1) Listening to community. People can suggest all kinds of conflicting things, and you just can't satisfy everyone. My experience is that many of my HW modification suggestions were listened to, even some I'd expect the Pine64 might have found a bit frivolous, like desire to have some GPIO exposed as easily accessible solderable pads on the Pinephone keyboard's PCB, so that I can mod the keyboard later on and add some buttons to the bottom side of it, etc. I got some help with aquiring of information about various chips, that I requested, etc. I didn't get everything I wanted. Life is hard I guess. OTOH, Pine64 probably did not listen to some other HW mod suggestions that I have participated in group thinking about in the chats.
I think those were the mods that would require more risky redesign, and would cause incompatibilities between Pinephone and the Pro, like sugestion to split DC-IN and USB-IN on the Original Pinephone PMIC to better support the keyboard, or suggestions to redesign battery charging circuitry in Pinebook Pro, so that drivers can limit input current to be able to follow the Type-C/PD specs more closly.

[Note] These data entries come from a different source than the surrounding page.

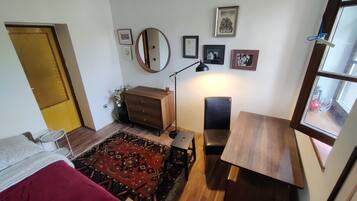 Ein Zimmer mit einem Bett, einem Schreibtisch, einem Stuhl, einer Kommode, einem Spiegel und einem Fenster.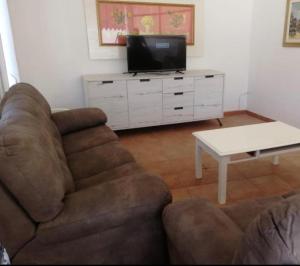 sala de estar con sofá, TV y mesa en Samoa Beach en Arenella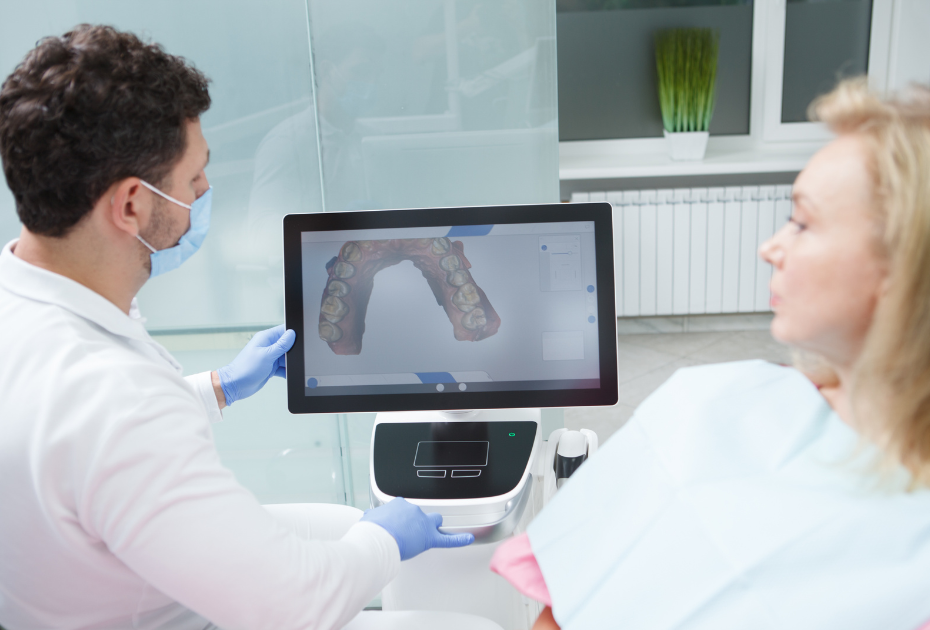 Dentist showing a patient a digital 3D scan during a clear aligner consultation.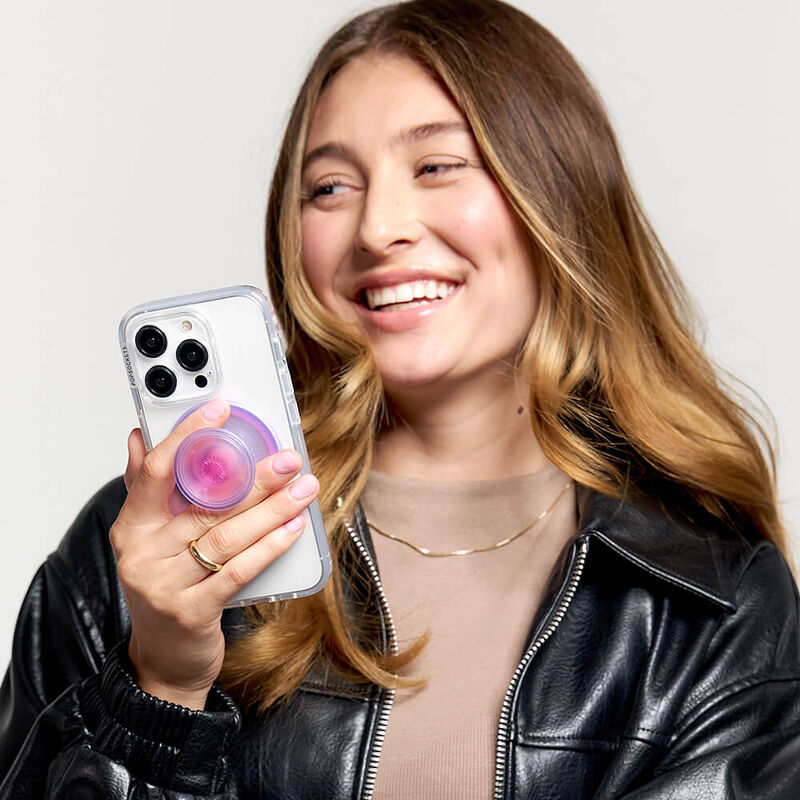 A woman with long, wavy hair and wearing a black leather jacket is smiling and holding a smartphone with a clear case. The phone has an Aura PopGrip for MagSafe attached to its back, featuring a gradient color pattern transitioning from pink in the center to purple on the edges. The woman is holding the phone with the PopGrip extended, showcasing its functionality and stylish design.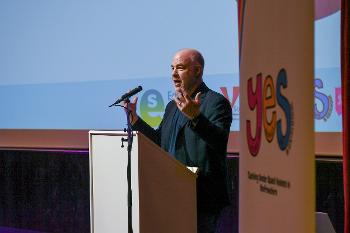 Jackson Katz stands at a podium talking, gesturing outwards with his hands.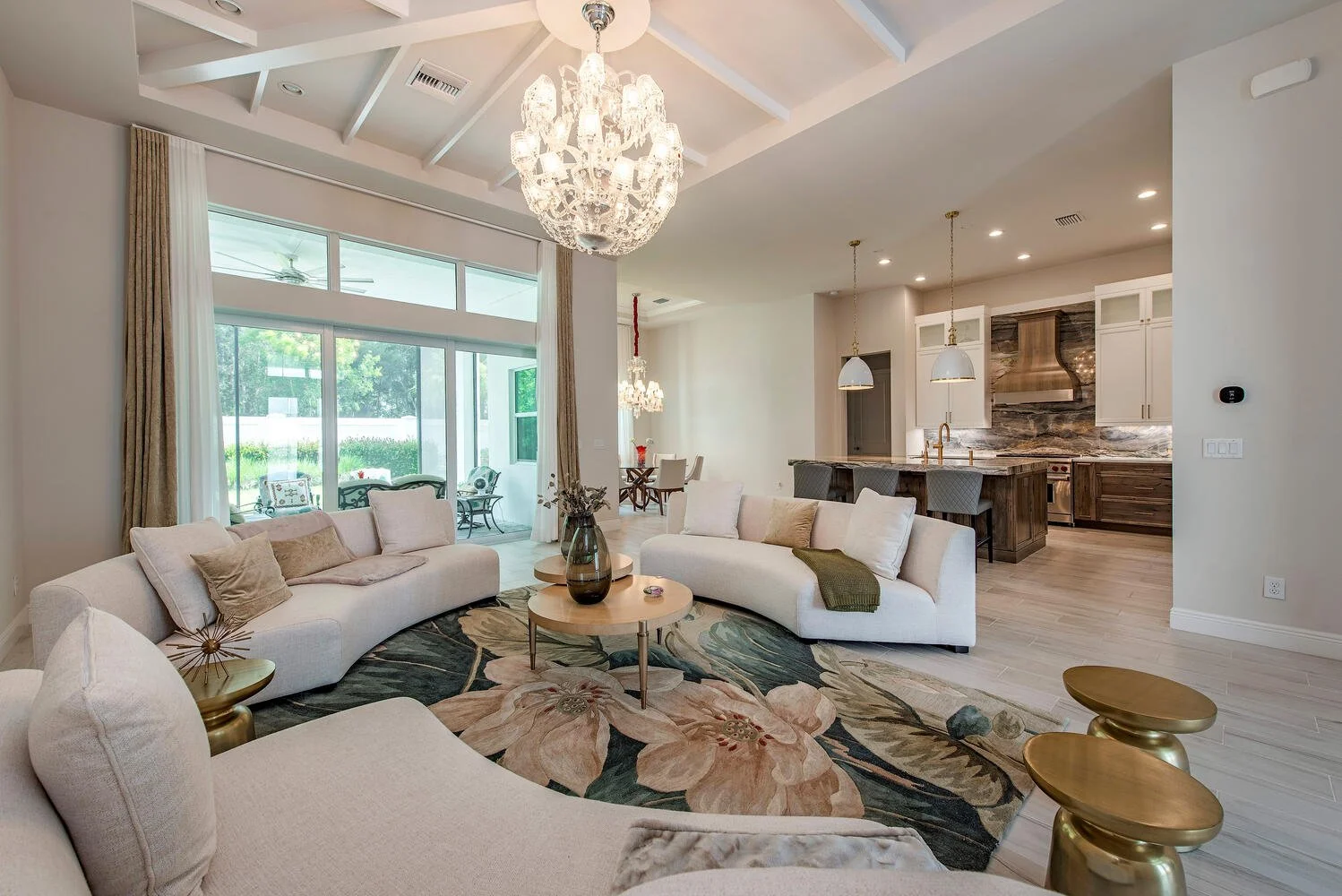 Open-concept living room and kitchen with modern decor, white sofas, floral area rug, chandelier, pendant lights, wooden kitchen island, and large windows showing outdoor greenery.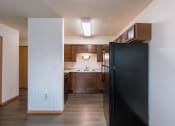 Thumbnail 11 of 16 - an empty kitchen with a black refrigerator and wooden cabinets. Moorhead, MN South Park Apartments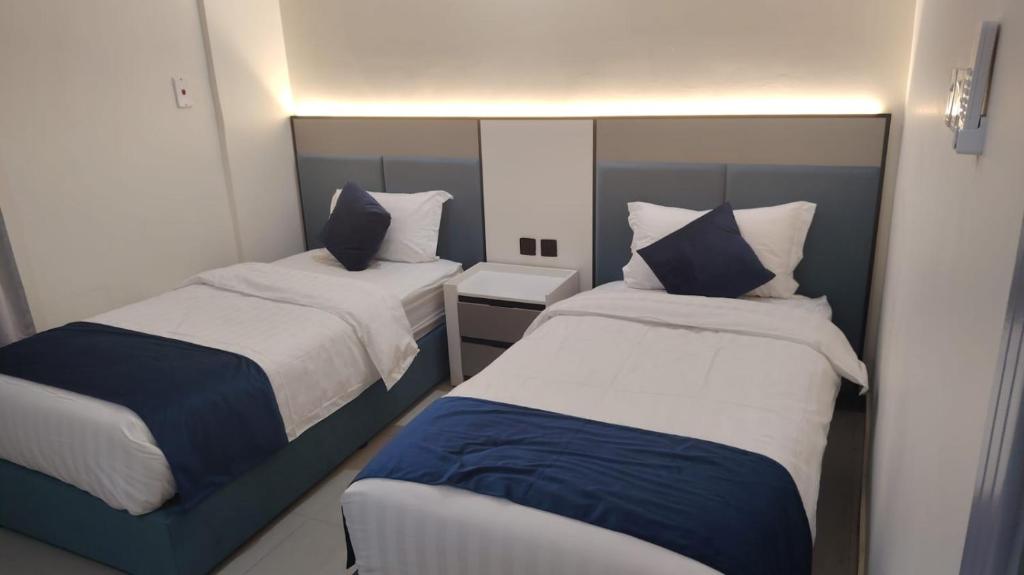two beds in a small room with two at شقق راما الشرق المخدومة المملكة العربية السعودية حي الشفاء حائل in Hail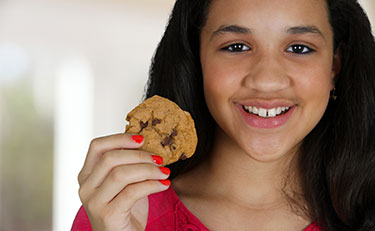 Una muchacha con una galleta de chocolate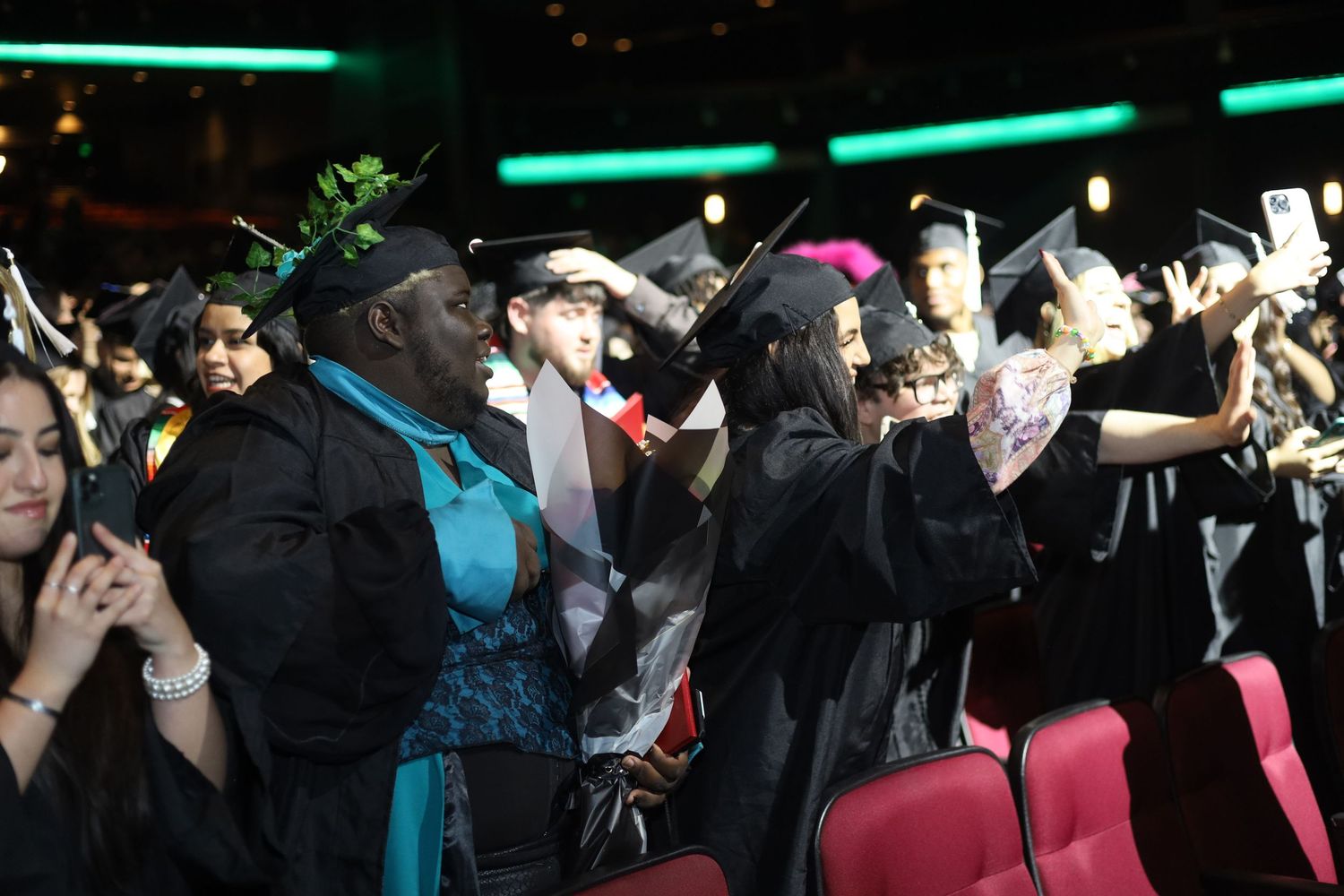 Graduates in black caps and gowns celebrating at a commencement ceremony with bright lighting overhead.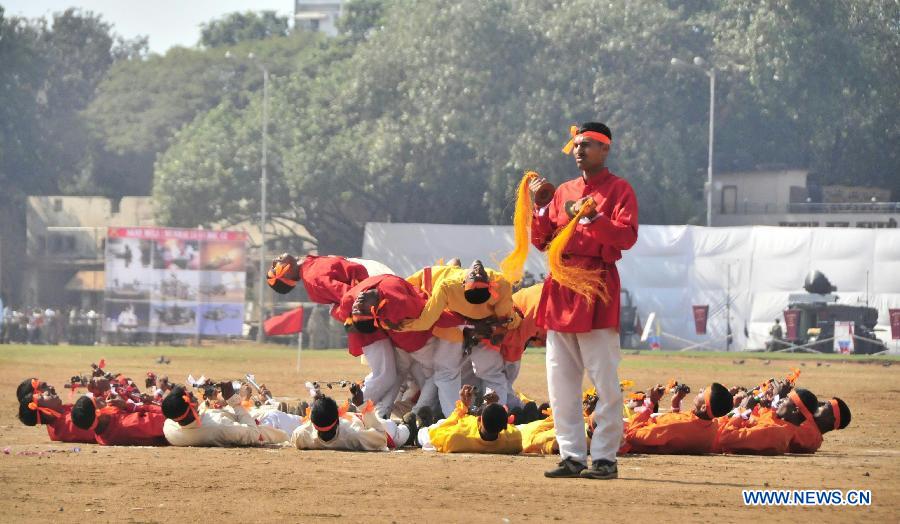 Indian soldiers dance during a military drill and arms exhibition at Shivaji park in Mumbai, India, on Dec. 15, 2012. A troop of Indian Defense Ministry held the military drill and arms exhibition here to raise the public awareness of Indian army and military affairs on Saturday. (Xinhua/Wang Ping)
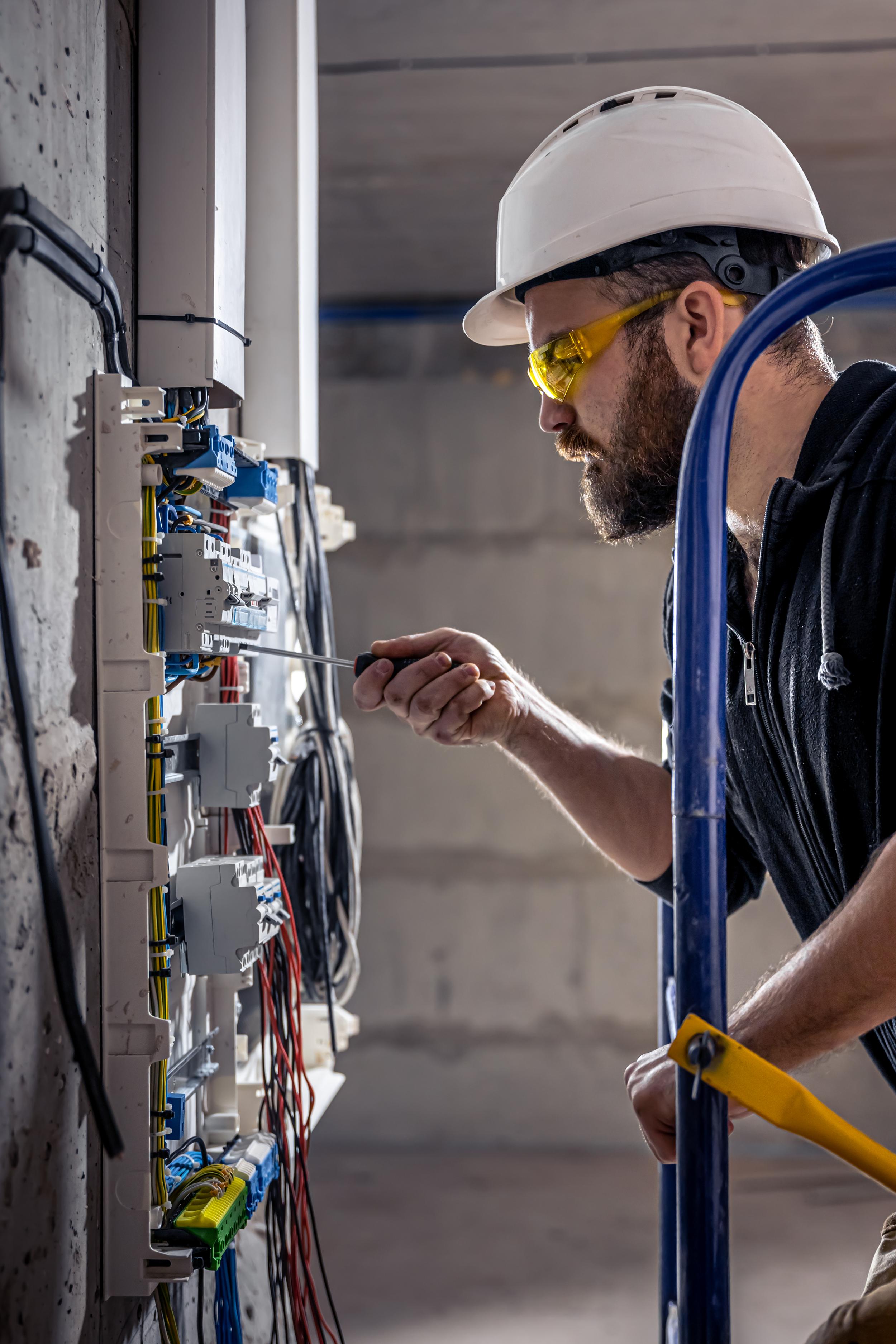 a-male-electrician-works-in-a-switchboard-with-an-2026-01-08-22-05-06-utc.jpg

These are risky to follow from us randos on the internet. Even simple suggestions are risky to follow, even if they are correct! Take the addition of diode to prevent some issues with the pinephone keyboard's charging circuitry. The suggestion was followed, but mistakes were made in the long chain that engineering the change takes, and the diode was placed incorrectly and prevented charging the keyboard completely.
2) Bootloader/SPI thing. Yeah it's unpleasant for distros to have to include U-Boot as part of the distro image, especially when things are in flux and fixing bootloader is required for fixing things in general, too, and you have to track non-mainline patches, because Pro support can't be mainlined, yet.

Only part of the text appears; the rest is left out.